Cheslie is a successful licensed attorney who also happens to be the reigning Miss USA 2019, with plans to represent our country in the upcoming Miss Universe competition. Not only is she at the height of her pageant power, but she is using the notoriety to create positive change for all of the women in her life, much like her role model Eboni K. Williams. Williams is a journalist, author, attorney and speaker; from her long history as a pageant queen she has risen through the ranks of male dominated industries from law-firms to Fox News. All throughout her journey she has persevered with intelligence, tenacity and poise. Lucky enough for us, she has kindly put her reporting skills to use and got candid with Ms.

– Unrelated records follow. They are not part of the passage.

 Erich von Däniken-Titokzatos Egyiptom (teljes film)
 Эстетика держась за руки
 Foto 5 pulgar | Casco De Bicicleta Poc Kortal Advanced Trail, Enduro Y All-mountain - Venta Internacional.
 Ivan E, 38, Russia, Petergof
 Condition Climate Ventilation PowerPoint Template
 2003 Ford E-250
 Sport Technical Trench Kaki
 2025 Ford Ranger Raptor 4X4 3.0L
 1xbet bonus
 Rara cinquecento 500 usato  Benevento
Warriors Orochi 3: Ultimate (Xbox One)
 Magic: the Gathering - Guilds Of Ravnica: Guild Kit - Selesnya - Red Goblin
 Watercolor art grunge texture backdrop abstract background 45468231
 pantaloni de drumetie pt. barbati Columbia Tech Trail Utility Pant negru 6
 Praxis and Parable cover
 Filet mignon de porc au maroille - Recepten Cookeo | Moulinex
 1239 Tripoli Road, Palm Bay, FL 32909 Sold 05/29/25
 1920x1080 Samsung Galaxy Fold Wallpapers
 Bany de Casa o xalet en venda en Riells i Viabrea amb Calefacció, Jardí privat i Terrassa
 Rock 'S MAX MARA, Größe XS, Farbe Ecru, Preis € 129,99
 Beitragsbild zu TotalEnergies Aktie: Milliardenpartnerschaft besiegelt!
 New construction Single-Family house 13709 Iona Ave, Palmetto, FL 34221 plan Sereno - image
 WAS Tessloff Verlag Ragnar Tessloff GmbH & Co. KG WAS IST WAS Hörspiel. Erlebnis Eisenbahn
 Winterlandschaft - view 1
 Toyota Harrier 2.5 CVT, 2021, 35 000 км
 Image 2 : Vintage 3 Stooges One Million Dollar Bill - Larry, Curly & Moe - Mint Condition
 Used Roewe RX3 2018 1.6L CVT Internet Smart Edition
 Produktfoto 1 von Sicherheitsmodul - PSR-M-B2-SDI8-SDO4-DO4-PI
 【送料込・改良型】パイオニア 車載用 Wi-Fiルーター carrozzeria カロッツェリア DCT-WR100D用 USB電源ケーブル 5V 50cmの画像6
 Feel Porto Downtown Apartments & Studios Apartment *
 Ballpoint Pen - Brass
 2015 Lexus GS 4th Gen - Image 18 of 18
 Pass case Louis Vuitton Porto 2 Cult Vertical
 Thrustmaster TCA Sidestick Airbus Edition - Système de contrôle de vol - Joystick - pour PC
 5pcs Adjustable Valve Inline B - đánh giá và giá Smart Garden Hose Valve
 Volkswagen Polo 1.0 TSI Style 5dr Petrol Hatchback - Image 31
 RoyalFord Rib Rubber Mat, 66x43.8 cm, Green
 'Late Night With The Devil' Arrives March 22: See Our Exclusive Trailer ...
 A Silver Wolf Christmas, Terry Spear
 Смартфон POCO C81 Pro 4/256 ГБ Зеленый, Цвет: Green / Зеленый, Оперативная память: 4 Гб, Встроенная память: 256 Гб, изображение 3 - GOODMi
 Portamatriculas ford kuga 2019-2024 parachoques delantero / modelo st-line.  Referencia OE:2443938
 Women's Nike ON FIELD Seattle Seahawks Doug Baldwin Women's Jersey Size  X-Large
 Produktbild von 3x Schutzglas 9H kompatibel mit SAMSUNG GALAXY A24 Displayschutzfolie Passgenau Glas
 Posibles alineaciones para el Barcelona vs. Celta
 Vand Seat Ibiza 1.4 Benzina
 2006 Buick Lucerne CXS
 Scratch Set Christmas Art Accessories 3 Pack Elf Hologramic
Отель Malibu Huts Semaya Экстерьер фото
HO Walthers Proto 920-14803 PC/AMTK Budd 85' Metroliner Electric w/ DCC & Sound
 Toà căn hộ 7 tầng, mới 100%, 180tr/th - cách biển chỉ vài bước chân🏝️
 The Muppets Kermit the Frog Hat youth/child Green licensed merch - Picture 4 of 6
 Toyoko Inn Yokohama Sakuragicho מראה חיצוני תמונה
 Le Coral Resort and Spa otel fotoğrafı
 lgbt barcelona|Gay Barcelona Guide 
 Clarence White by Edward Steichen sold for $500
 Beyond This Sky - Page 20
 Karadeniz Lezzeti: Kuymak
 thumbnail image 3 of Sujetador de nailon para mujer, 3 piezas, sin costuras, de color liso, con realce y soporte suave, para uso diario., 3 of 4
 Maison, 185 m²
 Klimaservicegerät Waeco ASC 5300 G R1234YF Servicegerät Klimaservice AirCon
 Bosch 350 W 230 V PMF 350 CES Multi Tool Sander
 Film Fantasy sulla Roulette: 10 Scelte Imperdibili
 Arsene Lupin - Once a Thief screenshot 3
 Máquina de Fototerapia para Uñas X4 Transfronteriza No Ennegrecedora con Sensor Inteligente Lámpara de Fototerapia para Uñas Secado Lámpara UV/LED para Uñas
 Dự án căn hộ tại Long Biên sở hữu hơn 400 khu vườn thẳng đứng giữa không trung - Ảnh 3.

Kryst about supporting their fellow women, the current state of race in America and their history together as pageant compatriots. All of these topics are incredibly close to their hearts as powerful black women using their influence to create a better future for all women in America.
Oh and, as previously stated, both are complete and utter badasses.
During their podcast takeover they talked about it all, from pageants to politics. It's clear that both of these women are motivated by an altruistic spirit and are strong supporters of #womensupportingwomen. Eboni even read a passage from her book, Pretty Powerful: Appearance, Substance, and Success, in which she outlines how her own career trajectory was so positively affected by the incredible women who mentored her in different stages of her life. She completely shuts down the idea of the "woman on woman teardown," calling it a "pitiful dynamic" tied to the "long and very hurtful history of women." This idea that in order to compete for a spot in the old boy's club, women must first fight off their own gender is not only reductive but it also supports an outdated social structure that was built to greatly favor male success. Throughout history women have been encouraged to look at one another as competition, one more obstacle to pass by. However, all that has managed to do is to pit us against each other, fighting for the few meager seats at the table allowed for women while we ignore the real problem. The problem isn't about the lack of seats allotted for women; the problem is that men are still the ones making the seating arrangements, and it's time for that to change, something that both Cheslie and Eboni understand well.
Race is another topic that is incredibly important to both of these women, and they have quite the in-depth discussion on it during this podcast. Cheslie, who is biracial and self-identifies as black, laid out her point of view on race. She voiced her frustrations for never feeling like she had her own box to tick, being stuck to decide between "black, white, or other" in standardized situations like the SATs. Existing as someone stuck between two cultures has been incredibly challenging, and though she found some solace in the black community, she felt less welcomed by her white peers. Self-identifying as black is something that has allowed her more agency in regards to her own identity, and though she still faces difficulties she realizes how important it is to be a confident black woman in the esteemed position she is currently in. Both Cheslie and Eboni seem to bond over the idea that no matter the successes, they both revel in the victories of their fellow women of color. Each of them is motivated to see more women of color in powerful, visible positions to inspire future generations. It's not about their own success; it's about respect and renown for any and all women of color.
I may have just provided the highlight reel, but the full conversation shared between Cheslie and Eboni on the Women Who Swaay podcast is a must listen. These two women managed to make me laugh while restoring hope for a better America all within a half hour of listening time! Seriously, go get those headphones, right now. You will not regret it.